Policy changes in these hotspots are beginning to affect demand trends and market potential, which has grown robustly since 2002. There appears to be a turning point in market dynamics where sustainability and growth levels may have reached their peak. Moreover, internal military proprietary capacity has been deployed, and more is on the way to address bandwidth and service shortfalls. However, the NSR report finds that commercial bandwidth, commercial services, and commercial partnerships are permanent features of military/government procurement and usage over the long term. This has been pronounced repeatedly by various military entities, in particular the U.S. Department of Defense, which is by far the largest user of commercial bandwidth and services in the government sector.
In sum, NSR projects government and military satellite communications equipment and services to grow from an estimated $3.2 billion in revenues in 2009 to $9.2 billion by 2019, yielding total revenues of $66.8 billion over an 11-year period. Satellite services provided by systems integrators and service providers should dominate revenue streams, accounting for 89 percent of cumulative revenues. Equipment sales will likewise experience healthy growth as a mix of solutions including VSATs, COTP, COTM and narrowband mobile solutions continue to impact the marketplace.
Declining troop presence does adversely impact certain segments of demand, but these are replaced by other segments that drive growth. In fact, bandwidth requirements for missions specifically for intelligence gathering, surveillance and reconnaissance (ISR) are far greater than supporting troops on the ground. Unmanned aerial vehicles (UAVs) in particular are expected to drive usage as ISR missions will increase as troops are withdrawn.

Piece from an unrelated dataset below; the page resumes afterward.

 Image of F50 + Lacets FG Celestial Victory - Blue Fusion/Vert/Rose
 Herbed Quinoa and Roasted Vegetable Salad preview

Although bandwidth-per-soldier requirements have increased over time, bandwidth-per-UAV is far greater currently and is expected to increase exponentially over time. The report also finds that creative solutions, both in terms of technological offerings and partnerships between governments and the commercial industry, will lead to unique opportunities. Past procurement practices of buying traditional C- and Ku-band transponders on the spot market are likely to decline, while arrangements via hosted payloads, deployment of military frequencies on commercial satellites and leveraging the advantages of High Throughput Satellites (HTS) are some of the arrangements that will likely increase within the next five years.
Government and Military Satellite Communications, 7th Edition is a multi-client report now available from NSR. The report provides market forecasts for in-service units, service revenues, equipment revenues, bandwidth revenues, demand by legacy FSS systems and HTS, and regional trends.